Hannay is an outsider several times over. When introduced in The Thirty-Nine Steps he is in London because that's what men who have made their 'pile' out in the Empire do. He's a successful mining engineer spending his fortune gained in the mines of southern Africa. Although born in Scotland, Hannay has lived in Africa since boyhood, but feels that he has exhausted its possibilities. A life of renting rooms in London and drifting through clubland without introductions leaves him frustrated. His career as an engineer has made his fortune and it is the part of his past which he introduces to us first; but he has also been a soldier and emerges from the first book as someone who takes for granted that the Second Matabele War, in the post-imperial era more easily understood as a war of colonial subjugation and expropriation, was a conflict of moral improvement both for the victors and the defeated. After the success of The Thirty-Nine Steps (initially serialized in Blackwood's under a pseudonym) Buchan extended Hannay's world into one he was already developing in his other contemporary novels and short stories, and added a circle of characters including Sandy Arbuthnot, later Lord Clanroyden, a Scottish aristocrat, traveller in the east and master of disguise; John S. Blenkiron, an American engineer and millionaire investor who acts in the British interest during the Great War; Peter Pienaar, mentioned in The Thirty-Nine Steps as "the best scout I ever knew"; Mary Lamington, nineteen-year-old intelligence operative who takes Hannay by surprise in such a way that he marries her; Geordie Hamilton, patriotic brawling Scots soldier who becomes first Hannay's batman then a loyal retainer of Sandy's; and Scots laird and baronet, enthusiastic and skilled pilot, Sir Archie Roylance. All are the stronger for being relayed through Hannay; when in The Courts of the Morning (not included in the combined volume) Hannay chooses not to join Sandy and Blenkiron in their South American adventure, the bulk of the novel feels emptier for its third person narration.

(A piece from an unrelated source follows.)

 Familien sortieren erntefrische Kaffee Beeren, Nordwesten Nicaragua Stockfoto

Hannay's opinions and prejudices are continually foregrounded by Buchan; Hannay emerges as a character through the gap between the limited outlook expected by those seeking to manipulate him, and Hannay's own broader view. In The Thirty-Nine Steps, Scudder intrigues Hannay with his tale of Jewish conspiracy, but never entirely convinces him. His African experience is crucial. Later, in The Three Hostages, Dominick Medina entirely misreads Hannay's character, fatally for Medina's ambitions. Medina's roots in England are deeper than Hannay's, and though he is descended from Iberian exiles and is influenced by an Irish mother who holds England in disgust, it is his Englishness which is emphasised and which may lead him to consider Hannay dull and an ideal pawn. Much or most of the overseas experience with which Medina is widely credited turns out to be fraudulent, and what he has learned, he lacks the understanding to interpret beyond narrow self-interest. Frequently throughout the Hannay books, the reader is implicitly asked to contemplate how little those know of England who only England know.

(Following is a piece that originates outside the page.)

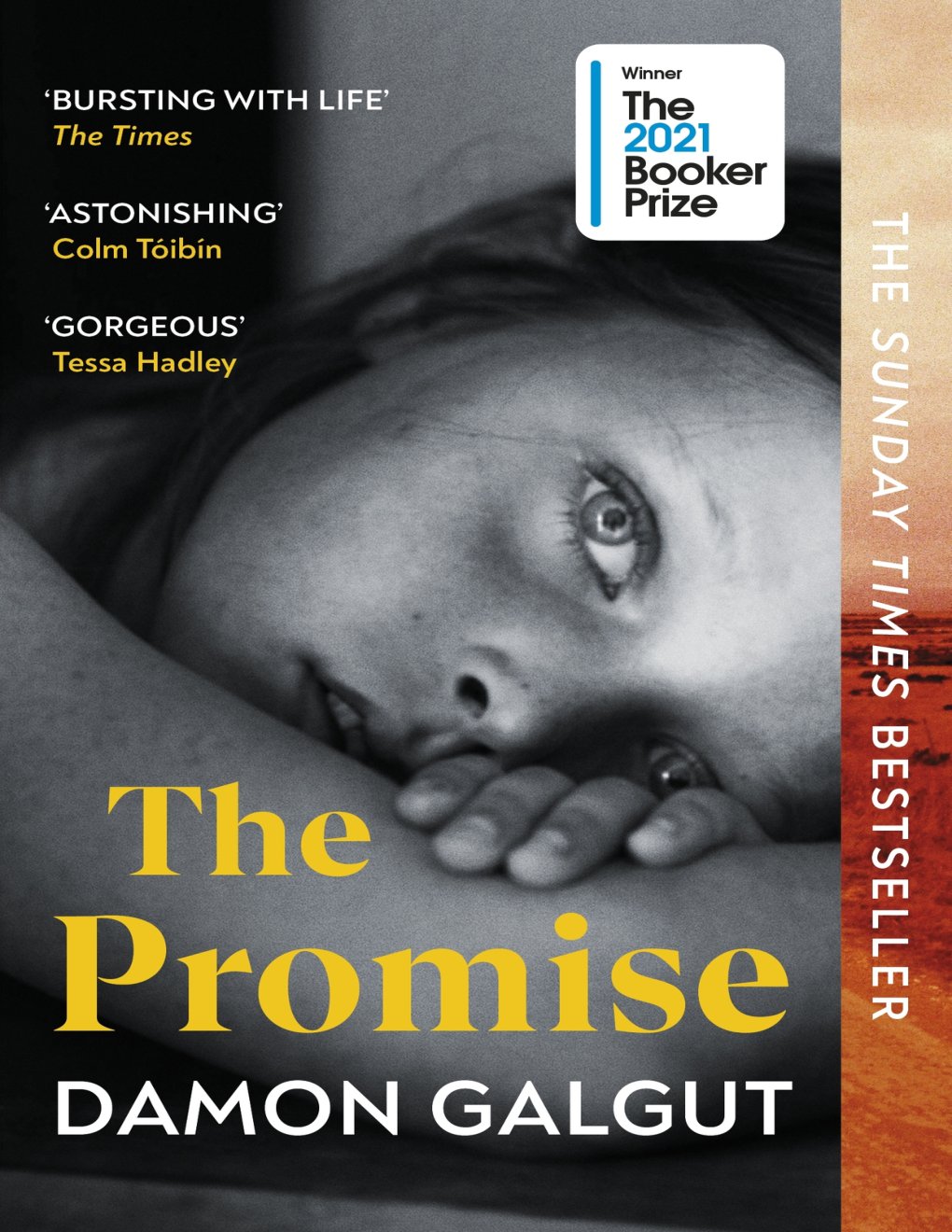 Cover of The Promise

The great charm of The Thirty-Nine Steps arises from its combination of travelogue and adventure story. For a substantial section of the book it appears that the events which leave Hannay a wanted man are a red herring to allow Buchan to present a series of vignettes depicting Scottish types. For Hannay Lowland Scotland is an ancestral home which he has never really known; though he returns to it in a series of crises, in The Thirty-Nine Steps, in Mr Standfast, in the second climax to The Three Hostages, and the Laverlaw section of The Island of Sheep. In The Thirty-Nine Steps Hannay finds an innocence in Scotland with which he is sometimes impatient - the audience for the radical candidate he finds deluded - but those who are happy with their traditional social roles are largely trustworthy and in some cases models of charity. Characters of this type appear in some form or other throughout the books. They are appropriate for a land which in Buchan's scheme for Hannay's world is a kind of Elysium, often disturbed from the outside, but which when properly maintained - as on Sandy Clanroyden's estate where Hannay and Haraldsen retreat in The Island of Sheep - can strengthen one against those who wish harm. However, to do the work one is called to do one has to leave the sanctuary of the Lowlands. England is the principal theatre of industry and the head office for the rest of the world. Disorder comes when that head office is subverted (as in The Thirty-Nine Steps) or loses sight of a clear aim (as in The Three Hostages).

The Hannay books aren't straightforwardly simplistic adventure stories either. The Thirty-Nine Steps was famously written while Buchan was confined to bed as an experiment in writing a 'shocker' - a "romance where the incidents defy the probabilities and march just inside the borders of the possible" (quoted Lownie, John Buchan, 119). There's something self-consciously genre-challenging about it - Scudder presents the plot to assassinate the Greek prime minister, Karolides, in terms of a conspiracy of cliches: anarchists, capitalists and especially Jews - but Hannay finds the truth more prosaic and more dangerous, a foreign power determined to provoke a European war at its own convenience and whose agents in Britain are long-established and skilled at hiding in plain sight within the Imperial establishment. This scenario is presented as a more realistic depiction of European power politics, helped by the anonymity of the German agents who if having something of the diabolical masterminds of pulp fiction about them seem less prone to caricature, and more threatening, because we never learn their names - at least, not in this book.

The Three Hostages
also draws attention to the artifices of the thriller. The character of Dr Greenslade recalls Scudder, and prompts in Hannay a discussion of the way a thriller is constructed; it seems a neat joke when we learn that following the Great War Hannay's secret service contact Sir Walter Bullivant is now Lord Artinswell, and thus in terms of his signature has moved from 'B' to 'A'. The confrontation across the wild landscape of Machray, while awkward in the context of the main narrative, is called for because Buchan, through the revulsion of Hannay, has built Dominick Medina into such a fiend (if one brought down by his own arrogance) that the convention of the exercise demands that Medina seek swift personal vengeance.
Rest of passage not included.